> **Task to carry out**:
Please retype the records below exactly, from the first line down to and including the line with "Capacete Moto Fechado".

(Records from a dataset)
----

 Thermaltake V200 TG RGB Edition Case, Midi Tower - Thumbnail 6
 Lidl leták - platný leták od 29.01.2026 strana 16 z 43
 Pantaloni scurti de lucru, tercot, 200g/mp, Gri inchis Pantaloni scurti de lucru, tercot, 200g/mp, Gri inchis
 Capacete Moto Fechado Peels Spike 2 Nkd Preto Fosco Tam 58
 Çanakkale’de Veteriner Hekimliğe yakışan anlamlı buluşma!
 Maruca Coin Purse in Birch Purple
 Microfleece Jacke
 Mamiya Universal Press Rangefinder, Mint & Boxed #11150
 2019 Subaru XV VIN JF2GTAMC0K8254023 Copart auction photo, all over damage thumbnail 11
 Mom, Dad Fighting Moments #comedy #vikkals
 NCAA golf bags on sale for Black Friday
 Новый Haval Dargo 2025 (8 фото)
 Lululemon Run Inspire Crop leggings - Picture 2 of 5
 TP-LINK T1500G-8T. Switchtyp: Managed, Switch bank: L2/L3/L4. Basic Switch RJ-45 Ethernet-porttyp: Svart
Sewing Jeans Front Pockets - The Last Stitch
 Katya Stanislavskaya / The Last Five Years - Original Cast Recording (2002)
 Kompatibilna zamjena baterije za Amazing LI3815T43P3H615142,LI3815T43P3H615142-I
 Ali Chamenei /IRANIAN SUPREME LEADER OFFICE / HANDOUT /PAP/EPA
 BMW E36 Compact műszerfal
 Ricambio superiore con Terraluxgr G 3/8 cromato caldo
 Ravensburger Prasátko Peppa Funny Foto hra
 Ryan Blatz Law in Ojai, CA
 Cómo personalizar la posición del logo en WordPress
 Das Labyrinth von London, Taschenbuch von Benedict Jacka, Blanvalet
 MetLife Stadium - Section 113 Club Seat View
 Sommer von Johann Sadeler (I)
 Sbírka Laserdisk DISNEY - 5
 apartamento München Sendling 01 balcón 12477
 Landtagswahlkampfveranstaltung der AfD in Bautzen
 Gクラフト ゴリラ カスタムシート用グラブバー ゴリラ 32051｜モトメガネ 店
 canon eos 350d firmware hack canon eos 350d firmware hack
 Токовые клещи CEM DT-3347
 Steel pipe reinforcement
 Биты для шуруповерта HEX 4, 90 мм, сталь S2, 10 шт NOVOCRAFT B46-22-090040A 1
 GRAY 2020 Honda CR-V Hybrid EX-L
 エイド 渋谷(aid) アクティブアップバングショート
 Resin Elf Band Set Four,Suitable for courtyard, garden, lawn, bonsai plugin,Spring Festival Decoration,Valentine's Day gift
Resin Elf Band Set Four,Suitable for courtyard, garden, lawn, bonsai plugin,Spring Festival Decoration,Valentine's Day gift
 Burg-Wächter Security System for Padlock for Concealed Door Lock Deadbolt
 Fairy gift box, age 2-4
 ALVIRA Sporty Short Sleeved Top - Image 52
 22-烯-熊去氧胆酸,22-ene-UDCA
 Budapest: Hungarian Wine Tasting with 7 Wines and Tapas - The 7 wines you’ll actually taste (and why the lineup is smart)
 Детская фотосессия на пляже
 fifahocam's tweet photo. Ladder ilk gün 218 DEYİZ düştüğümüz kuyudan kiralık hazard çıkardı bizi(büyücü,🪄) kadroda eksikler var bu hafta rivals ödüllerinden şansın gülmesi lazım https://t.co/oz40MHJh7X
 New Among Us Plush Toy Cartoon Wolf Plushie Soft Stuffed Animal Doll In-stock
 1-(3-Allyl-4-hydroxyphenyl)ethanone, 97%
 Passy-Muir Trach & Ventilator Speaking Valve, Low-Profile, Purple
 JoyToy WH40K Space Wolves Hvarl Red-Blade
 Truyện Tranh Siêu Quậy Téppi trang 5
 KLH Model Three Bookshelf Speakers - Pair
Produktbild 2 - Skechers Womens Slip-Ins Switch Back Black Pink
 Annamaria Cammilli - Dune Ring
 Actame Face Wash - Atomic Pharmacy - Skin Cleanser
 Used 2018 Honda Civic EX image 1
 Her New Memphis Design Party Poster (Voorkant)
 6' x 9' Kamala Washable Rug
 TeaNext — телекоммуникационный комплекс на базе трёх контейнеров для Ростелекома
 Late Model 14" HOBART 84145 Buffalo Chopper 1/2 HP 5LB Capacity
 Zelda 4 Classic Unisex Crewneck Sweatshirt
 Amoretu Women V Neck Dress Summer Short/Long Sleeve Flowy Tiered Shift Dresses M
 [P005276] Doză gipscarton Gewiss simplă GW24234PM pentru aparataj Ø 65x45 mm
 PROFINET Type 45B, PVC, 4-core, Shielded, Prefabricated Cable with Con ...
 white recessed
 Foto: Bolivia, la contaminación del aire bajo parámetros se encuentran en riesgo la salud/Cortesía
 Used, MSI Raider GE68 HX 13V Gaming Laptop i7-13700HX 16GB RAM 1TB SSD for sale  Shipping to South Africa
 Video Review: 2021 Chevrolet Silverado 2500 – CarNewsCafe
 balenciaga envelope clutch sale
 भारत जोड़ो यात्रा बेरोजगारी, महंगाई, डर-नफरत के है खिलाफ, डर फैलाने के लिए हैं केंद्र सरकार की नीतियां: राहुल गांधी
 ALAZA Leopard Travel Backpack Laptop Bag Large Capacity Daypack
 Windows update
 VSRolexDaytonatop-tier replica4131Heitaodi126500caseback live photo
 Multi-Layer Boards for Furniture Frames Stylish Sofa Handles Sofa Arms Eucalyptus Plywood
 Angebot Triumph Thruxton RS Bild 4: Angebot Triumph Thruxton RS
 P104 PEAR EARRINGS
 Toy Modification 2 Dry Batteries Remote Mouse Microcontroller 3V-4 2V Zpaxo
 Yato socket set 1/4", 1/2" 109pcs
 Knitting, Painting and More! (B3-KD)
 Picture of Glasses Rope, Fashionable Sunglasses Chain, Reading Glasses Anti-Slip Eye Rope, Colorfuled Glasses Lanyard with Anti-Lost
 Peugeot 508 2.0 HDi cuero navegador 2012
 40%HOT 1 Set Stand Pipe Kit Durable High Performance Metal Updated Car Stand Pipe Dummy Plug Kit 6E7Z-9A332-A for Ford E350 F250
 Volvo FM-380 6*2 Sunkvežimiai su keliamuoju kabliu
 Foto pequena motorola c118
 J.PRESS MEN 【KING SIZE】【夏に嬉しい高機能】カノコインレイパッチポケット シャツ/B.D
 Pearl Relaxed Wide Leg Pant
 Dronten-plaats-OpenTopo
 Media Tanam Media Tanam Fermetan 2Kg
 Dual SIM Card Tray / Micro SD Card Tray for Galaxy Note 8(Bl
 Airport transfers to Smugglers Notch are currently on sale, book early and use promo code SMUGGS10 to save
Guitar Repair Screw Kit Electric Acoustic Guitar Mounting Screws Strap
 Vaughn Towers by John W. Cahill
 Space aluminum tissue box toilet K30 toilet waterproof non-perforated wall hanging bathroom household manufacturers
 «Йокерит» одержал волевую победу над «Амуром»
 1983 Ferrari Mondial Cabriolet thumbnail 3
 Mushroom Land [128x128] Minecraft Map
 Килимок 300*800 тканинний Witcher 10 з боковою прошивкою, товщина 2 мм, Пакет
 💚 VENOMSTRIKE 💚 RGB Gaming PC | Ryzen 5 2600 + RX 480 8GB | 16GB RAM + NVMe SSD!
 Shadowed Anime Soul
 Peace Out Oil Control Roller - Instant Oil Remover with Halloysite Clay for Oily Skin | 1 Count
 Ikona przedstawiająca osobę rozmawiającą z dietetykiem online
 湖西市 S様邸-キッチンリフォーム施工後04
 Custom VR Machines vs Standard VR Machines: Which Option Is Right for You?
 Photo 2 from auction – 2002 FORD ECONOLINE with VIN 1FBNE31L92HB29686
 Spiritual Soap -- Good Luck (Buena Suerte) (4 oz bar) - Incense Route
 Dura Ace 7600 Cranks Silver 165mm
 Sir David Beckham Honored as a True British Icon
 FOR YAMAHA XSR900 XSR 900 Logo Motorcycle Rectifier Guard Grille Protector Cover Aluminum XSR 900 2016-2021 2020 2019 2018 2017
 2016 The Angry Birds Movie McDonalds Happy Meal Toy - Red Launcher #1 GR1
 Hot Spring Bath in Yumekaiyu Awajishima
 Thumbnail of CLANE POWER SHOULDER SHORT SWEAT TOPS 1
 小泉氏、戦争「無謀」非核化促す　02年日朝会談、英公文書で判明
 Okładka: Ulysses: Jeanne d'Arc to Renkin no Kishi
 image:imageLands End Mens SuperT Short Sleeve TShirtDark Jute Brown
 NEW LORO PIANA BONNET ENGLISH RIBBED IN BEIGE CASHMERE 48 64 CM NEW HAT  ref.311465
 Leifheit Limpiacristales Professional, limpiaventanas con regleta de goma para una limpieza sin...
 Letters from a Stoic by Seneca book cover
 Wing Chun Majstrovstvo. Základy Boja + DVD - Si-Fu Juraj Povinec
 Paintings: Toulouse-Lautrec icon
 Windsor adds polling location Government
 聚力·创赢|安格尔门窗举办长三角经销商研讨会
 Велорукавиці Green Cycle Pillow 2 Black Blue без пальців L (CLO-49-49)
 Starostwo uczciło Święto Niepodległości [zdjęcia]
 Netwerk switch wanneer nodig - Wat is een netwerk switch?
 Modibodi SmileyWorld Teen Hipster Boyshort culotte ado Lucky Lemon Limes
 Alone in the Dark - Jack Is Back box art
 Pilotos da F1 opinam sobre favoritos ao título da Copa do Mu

----

> **Written solution**:
 Thermaltake V200 TG RGB Edition Case, Midi Tower - Thumbnail 6
 Lidl leták - platný leták od 29.01.2026 strana 16 z 43
 Pantaloni scurti de lucru, tercot, 200g/mp, Gri inchis Pantaloni scurti de lucru, tercot, 200g/mp, Gri inchis
 Capacete Moto Fechado Peels Spike 2 Nkd Preto Fosco Tam 58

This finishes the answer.